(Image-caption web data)
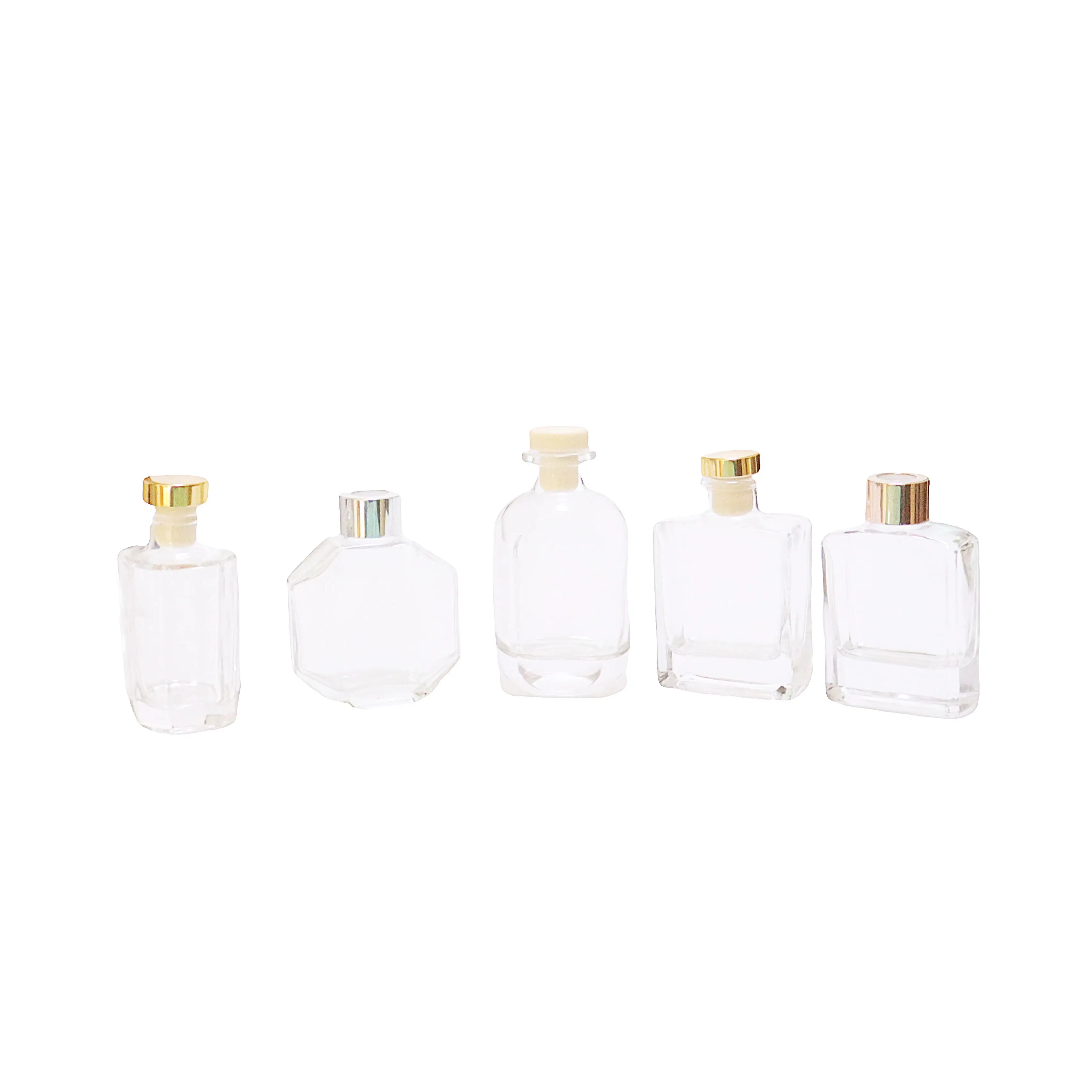 50Ml Home Decor Luchtverfrisser Parfum Fles Luxe Custom Glas Aromatherapie Essentiële Oliën Riet Diffuser Flessen Groothandel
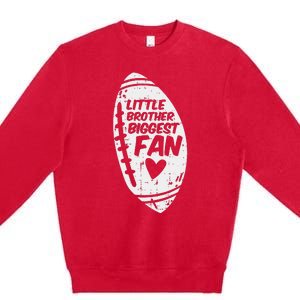 My Brother Out There American Football Family Match Sister Premium Crewneck Sweatshirt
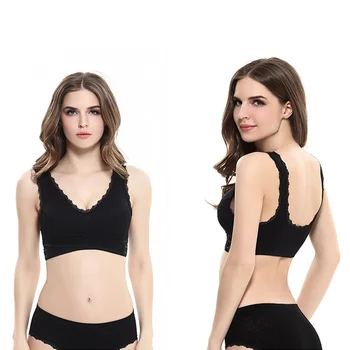 

Front Buckle Women Sports Bras Seamless No Steel Ring Quick-drying Lingeria Bra S 3pcs Skin Color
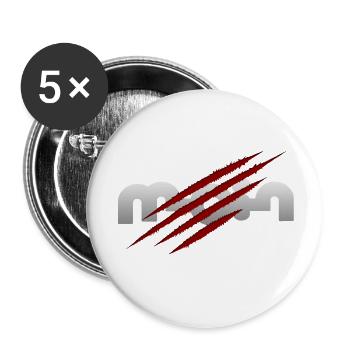 Moin - Buttons klein 25 mm (5er Pack) - Weiß - Vorne
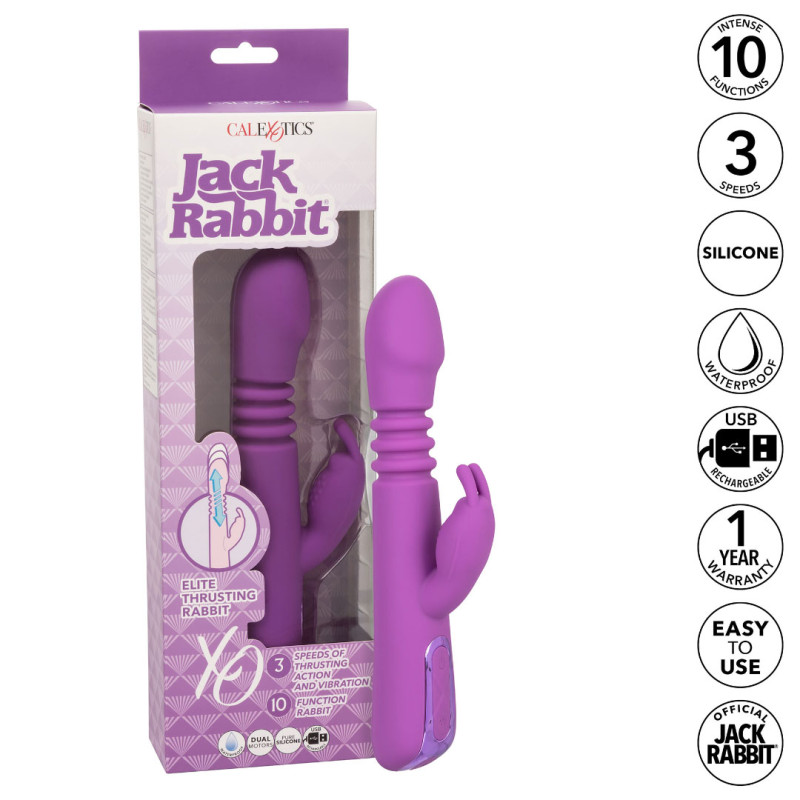 Вібратор кролик з фрикціями CalExotics Jack Rabbits Elite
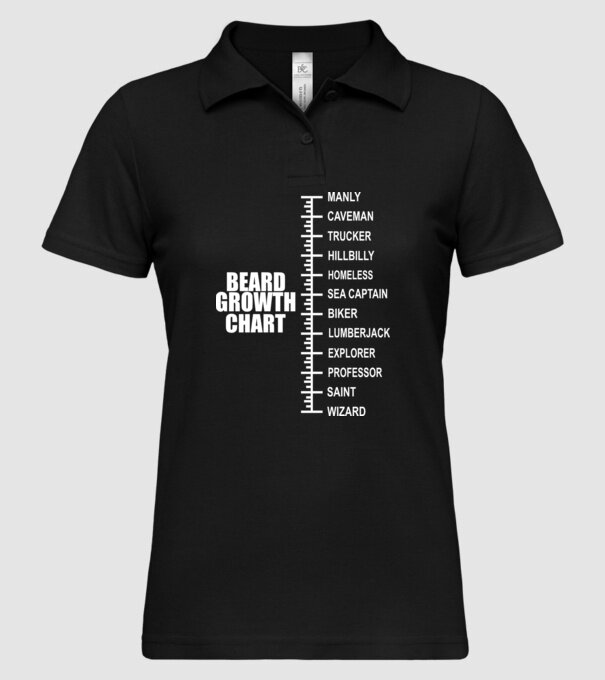 Beard scale model negru pe tricou
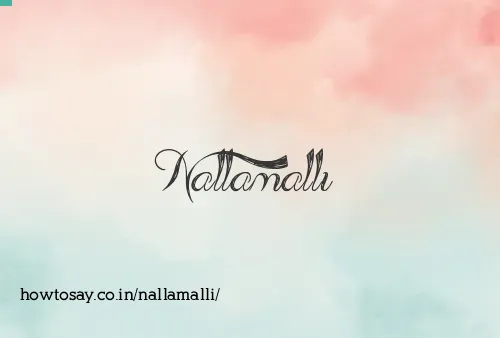 Nallamalli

• _INSTRUCTIONS FOR THE TASK_
From the line containing "Вібратор кролик з" down to the last line of the data, print every line exactly and nothing else. Pictures stay out of the copy.

• _EXERCISE OUTPUT_
 Вібратор кролик з фрикціями CalExotics Jack Rabbits Elite
 Beard scale model negru pe tricou
 Nallamalli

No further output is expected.